More Mercury from MESSENGER

Scientists from the MESSENGER mission to Mercury discussed today the results from the spacecraft’s October 6 flyby of the closest planet to the sun. The probe has produced several science firsts and is returning hundreds of new photos and measurements of the planet’s surface, atmosphere and magnetic field. The images show a battered surface, and we now have pictures and data of parts of Mercury’s surface that have never been examined by a spacecraft. “The region of Mercury’s surface that we viewed at close range for the first time this month is bigger than the land area of South America,” said Sean Solomon, principal investigator and director of the Department of Terrestrial Magnetism at the Carnegie Institution of Washington. “When combined with data from our first flyby and from Mariner 10, our latest coverage means that we have now seen about 95 percent of the planet.”

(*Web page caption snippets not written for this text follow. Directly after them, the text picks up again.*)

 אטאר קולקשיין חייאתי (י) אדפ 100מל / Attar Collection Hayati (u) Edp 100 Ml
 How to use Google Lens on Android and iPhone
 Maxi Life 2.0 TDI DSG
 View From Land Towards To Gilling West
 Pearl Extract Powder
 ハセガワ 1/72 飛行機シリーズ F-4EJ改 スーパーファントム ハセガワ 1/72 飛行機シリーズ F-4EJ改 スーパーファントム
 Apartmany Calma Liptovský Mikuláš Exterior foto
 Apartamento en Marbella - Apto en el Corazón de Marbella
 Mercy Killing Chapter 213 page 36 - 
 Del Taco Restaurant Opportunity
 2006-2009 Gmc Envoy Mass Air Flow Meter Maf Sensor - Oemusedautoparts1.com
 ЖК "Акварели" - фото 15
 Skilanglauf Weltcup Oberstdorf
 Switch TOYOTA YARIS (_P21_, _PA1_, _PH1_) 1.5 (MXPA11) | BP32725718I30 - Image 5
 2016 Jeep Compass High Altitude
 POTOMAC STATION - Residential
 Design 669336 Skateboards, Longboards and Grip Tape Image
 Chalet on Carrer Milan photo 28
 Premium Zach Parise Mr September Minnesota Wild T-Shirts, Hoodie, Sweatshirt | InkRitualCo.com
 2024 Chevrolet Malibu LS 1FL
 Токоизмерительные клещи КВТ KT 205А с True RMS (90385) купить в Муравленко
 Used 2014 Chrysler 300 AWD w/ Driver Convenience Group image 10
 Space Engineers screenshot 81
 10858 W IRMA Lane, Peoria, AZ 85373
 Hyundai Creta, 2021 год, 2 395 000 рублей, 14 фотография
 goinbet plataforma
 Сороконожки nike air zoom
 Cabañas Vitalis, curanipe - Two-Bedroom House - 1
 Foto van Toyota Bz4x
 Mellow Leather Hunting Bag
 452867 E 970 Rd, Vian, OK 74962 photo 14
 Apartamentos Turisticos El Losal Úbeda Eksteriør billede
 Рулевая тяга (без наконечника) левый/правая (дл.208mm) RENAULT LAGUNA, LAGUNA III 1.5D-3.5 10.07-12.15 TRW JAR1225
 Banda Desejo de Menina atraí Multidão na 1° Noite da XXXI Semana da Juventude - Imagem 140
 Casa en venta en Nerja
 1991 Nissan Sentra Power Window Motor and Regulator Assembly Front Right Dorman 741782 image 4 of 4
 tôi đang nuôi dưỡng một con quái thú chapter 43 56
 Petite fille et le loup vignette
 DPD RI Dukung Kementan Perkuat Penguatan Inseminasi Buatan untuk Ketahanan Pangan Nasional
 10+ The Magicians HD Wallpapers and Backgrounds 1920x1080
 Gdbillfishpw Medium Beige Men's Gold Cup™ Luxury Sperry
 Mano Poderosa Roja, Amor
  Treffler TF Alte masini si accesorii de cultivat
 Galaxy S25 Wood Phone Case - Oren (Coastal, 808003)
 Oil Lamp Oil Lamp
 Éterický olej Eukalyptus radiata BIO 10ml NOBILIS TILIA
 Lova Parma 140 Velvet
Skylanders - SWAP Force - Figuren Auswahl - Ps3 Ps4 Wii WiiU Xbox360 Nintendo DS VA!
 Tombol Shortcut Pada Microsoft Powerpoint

The MErcury Surface, Space ENvironment, GEochemistry, and Ranging, or MESSENGER, spacecraft flew by Mercury shortly after 4:40 a.m. EDT, on Oct. 6. It completed a critical gravity assist to keep it on course to orbit Mercury in 2011 and unveiled 30 percent of Mercury’s surface never before seen by a spacecraft.

The spacecraft’s science instruments operated throughout the flyby. Cameras snapped more than 1,200 pictures of the surface, while topography beneath the spacecraft was profiled with a laser altimeter. The comparison of magnetosphere observations from the spacecraft’s first flyby in January with data from the probe’s second pass has provided key new insight into the nature of Mercury’s internal magnetic field and revealed new features of its magnetosphere. The magnetosphere is the volume surrounding Mercury that is controlled by the planet’s magnetic field.

It was discovered that the planet’s magnetic field is highly symmetric.

The probe’s Mercury Laser Altimeter, or MLA, measured the planet’s topography, allowing scientists, for the first time, to correlate high-resolution topography measurements with high-resolution images.

Data from MESSENGER's Laser Altimeter.Credit: NASA/Goddard Space Flight Center/Johns Hopkins University Applied Physics Laboratory/Carnegie Institution of Washington

“The MLA collected altimetry in regions where images from MESSENGER and Mariner 10 data are available, and new images were obtained of the region sampled by the altimeter in January,” said Maria Zuber, co-investigator and head of the Department of Earth, Atmospheric, and Planetary Sciences at the Massachusetts Institute of Technology. “These topographic measurements now improve considerably the ability to interpret surface geology.”

The Mercury Atmospheric and Surface Composition Spectrometer observed Mercury’s thin atmosphere, known as an exosphere. The instrument searched for emissions from sodium, calcium, magnesium, and hydrogen atoms. Observations of magnesium are the first detection of this chemical in Mercury’s exosphere. Preliminary analysis suggests that the spatial distributions of sodium, calcium, and magnesium are different. Simultaneous observations of these spatial distributions, also a first for the spacecraft, have opened an unprecedented window into the interaction of Mercury’s surface and exosphere.
More of Mercury from MESSENGER.
Spacecraft images also are revealing for the first time vast geologic differences on the surface.

“Now that MESSENGER’s cameras have imaged more than 80 percent of Mercury, it is clear that, unlike the moon and Mars, Mercury’s surface is more homogeneously ancient and heavily cratered, with large extents of younger volcanic plains lying within and between giant impact basins,” said co-investigator Mark Robinson of Arizona State University in Tempe.

Source: NASA

7 Replies to “More Mercury from MESSENGER”

  1. Why are we waisting time on these dead planets. There should be missions to titan and europa or any other planetary body that doesn’t just have rocks and craters…

  2. NASA has to do something to keep people from thinking Mercury is just the Moon in a different Solar System location.

  3. A strange way for crater ejecta to make long white lines. Same as on the Moon but more so on Mercury. Is there any explanation?

  4. i love these great images of unexplored solar system territory. it’s a painfully long wait until the spacecraft finally reaches orbit!

  5. Maybe it isn’t so much dead planets as it is dead minds viewing them. We can learn much from these dead orbs.

  6. While I agree there are certainly more interesting worlds to explore, Mercury has only had two probes sent to it in the last three and a half decades, so I don’t think we can call this a waste.

    I await the day we have microtechnology that allows many small probes to be sent to every world like a cloud, each with its own specialized function. If a few get lost, the mission will not suffer.